PROVIDED DATA:
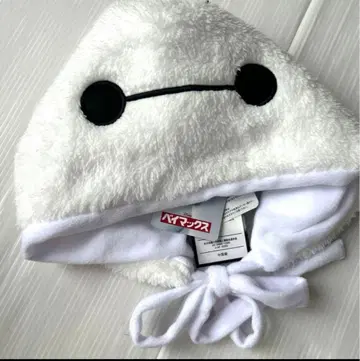 베이맥스 모자 베이맥스 TDL Disney 모자 팬캡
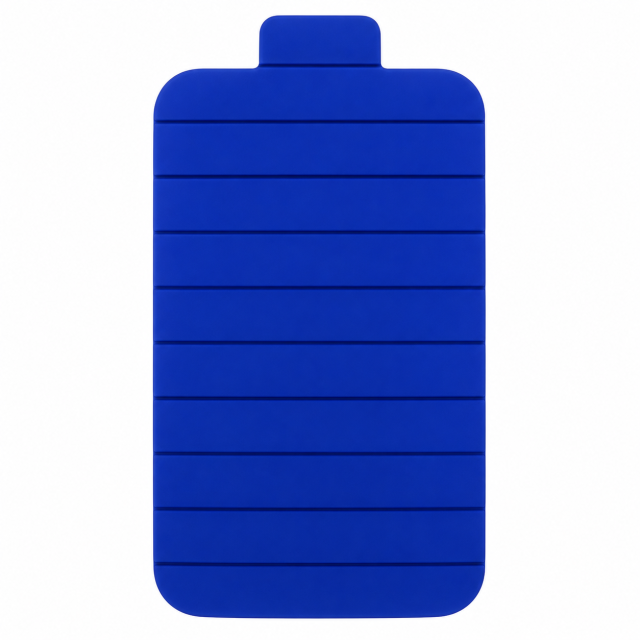 Collapsible Food-Grade Silicone Cutting Board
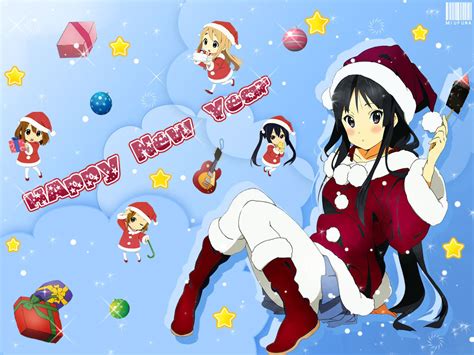 K On Happy New Year Animelover97 Wallpaper 20051316 Fanpop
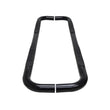 Load image into Gallery viewer, Westin 19-22 Chevrolet Silverado 1500 DC E-Series 3 Nerf Step Bars - Blk - Side View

EXERCISE GOAL: Everything from the line with "K On Happy New" through the last line of the listing above is to be copied exactly, both ends included, except the pictures.

THE COMPLETED TASK:
 K On Happy New Year Animelover97 Wallpaper 20051316 Fanpop
 Load image into Gallery viewer, Westin 19-22 Chevrolet Silverado 1500 DC E-Series 3 Nerf Step Bars - Blk - Side View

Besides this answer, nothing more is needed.